This week, UK’s government set out plans to end the sale of new petrol and diesel cars by 2040 – so what else will we see in 23 years’ time?
Here, with the help of Europe’s top futurist Ray Hammond, we create a picture of how the world might look in the post-petrol age.
We will all wear a huge range of sensors that will constantly monitor things such as blood pressure, blood sugar and blood oxygen level.
Children born in 2040 will have a more or less indefinite life. With gene therapy, stem cell and nano-scale medicine, barring an accident or fatal disease, we may live for ever and look much younger. With exoskeletons – artificial, externally-worn support structures – the elderly will stay mobile for longer. Now they are bulky and rigid but they will be soft and comfy.
People will fall in love with robot partners, which will impact relationships.
As it is we have a habit of seeing human characteristics in inanimate objects and with robots growing more advanced, it is inevitable that some people will couple up with them.
Weddings will become rarer and promiscuity will go off the scale as social attitudes get more relaxed.

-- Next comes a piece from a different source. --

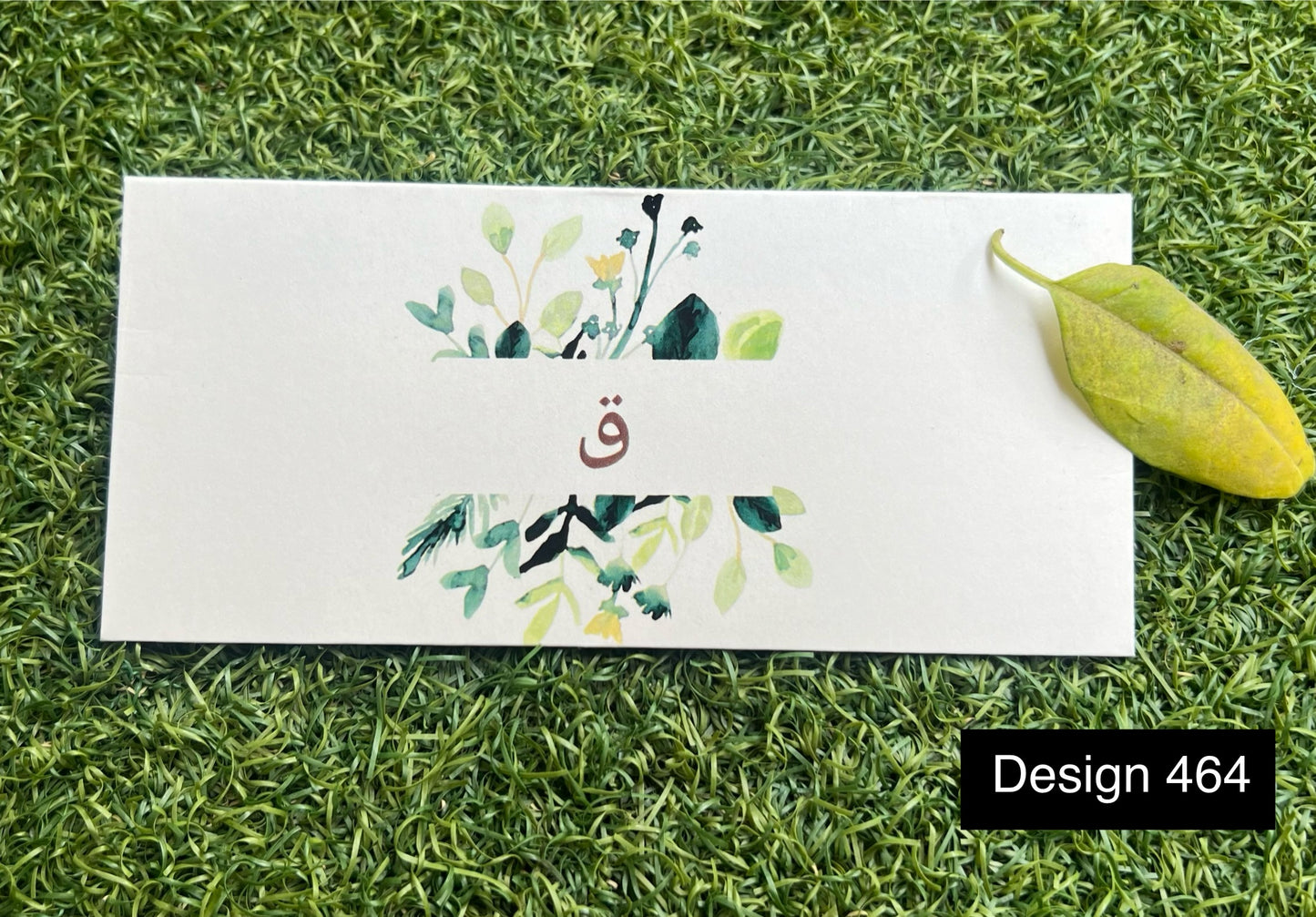 Envelope Design 464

On average, women today have nine sexual partners in their lifetime and men have 11 – expect that to rise to 100 for women and 200 for men.
Most cars will be driving themselves, with motorways and roads having self-driving lanes.
Driverless traffic could travel in convoys, forming “road trains” and allowing vehicles to drive much closer together, freeing up motorway space.
The only place where you could experience being in control of a car yourself would be a licensed race track.
Ahead of the ban on sales of new petrol and diesel cars in 2040, we can expect scrappage schemes during the 2030s which will phase them out. Our roads will look and sound very different.
As for air travel, there will not be huge changes. The dawn of electric and self-flying planes is possible but they will still be a small minority.
We will see hyper-loops – transport tubes through which passenger pods can travel at up to 700 mph.
As the world’s population booms from the present seven billion to more than nine billion, we will not be able to farm meat as we have done up to now.
There won’t be enough space for all the animals we would need plus their methane emissions could cause unsustainable environmental damage.
Instead, we will see artificial tissue – meat – grown in factories, without the need for a living animal.
Burgers have already been produced and eaten in a lab and by 2040 up to 40 percent of meat will be artificial or from substitutes such as plants. It will be engineered to look, taste and smell like the real thing.
Insects will also be a staple in products resembling their meat versions, such as sausages or burgers. They are protein-rich, cheaper and greener.
And with most people living in cities, crops may be grown on vertical farms up the sides of skyscrapers.
Our smartphones will have more or less disappeared, replaced by control centers which we will wear in a series of devices around our body.
For example, we will wear smart contact lenses, with texts floating in front of our eyes and earrings that send messages from a virtual assistant into our ears.
We won’t look as if we are wearing anything extra but it will be as if we are looking through a smartphone at the real world, albeit one more powerful than anything we know today.
Our social networks will also become integral to the real world. We may see a stranger in the street and, using facial recognition software linked to our control centers, will instantly know their name and be able to access their profile.
As a result, privacy will be a hot topic.
We will have to face the question of whether machines will be our slaves or our masters.
Computers will be as good at problem-solving as humans, with the prospect of soon surpassing us.
Then the question will be whether we let them take control or try to regulate and modify artificial intelligence. Or genetically modify humans so we can compete with machines.
Our decisions could have profound effects on world order. If the West chooses to regulate its machines, it could be at a disadvantage compared to countries that allow computers to develop unchecked.
Today people are glued to phones and iPads – but to imagine life in 2040, magnify that by 100.
We will spend most of our time in virtual worlds, whether at work or at leisure. Instead of looking at a device, we will experience this as if it were real. It won’t even seem artificial. The novelty will be leaving the virtual world to meet humans in real life, an activity that will become rarer.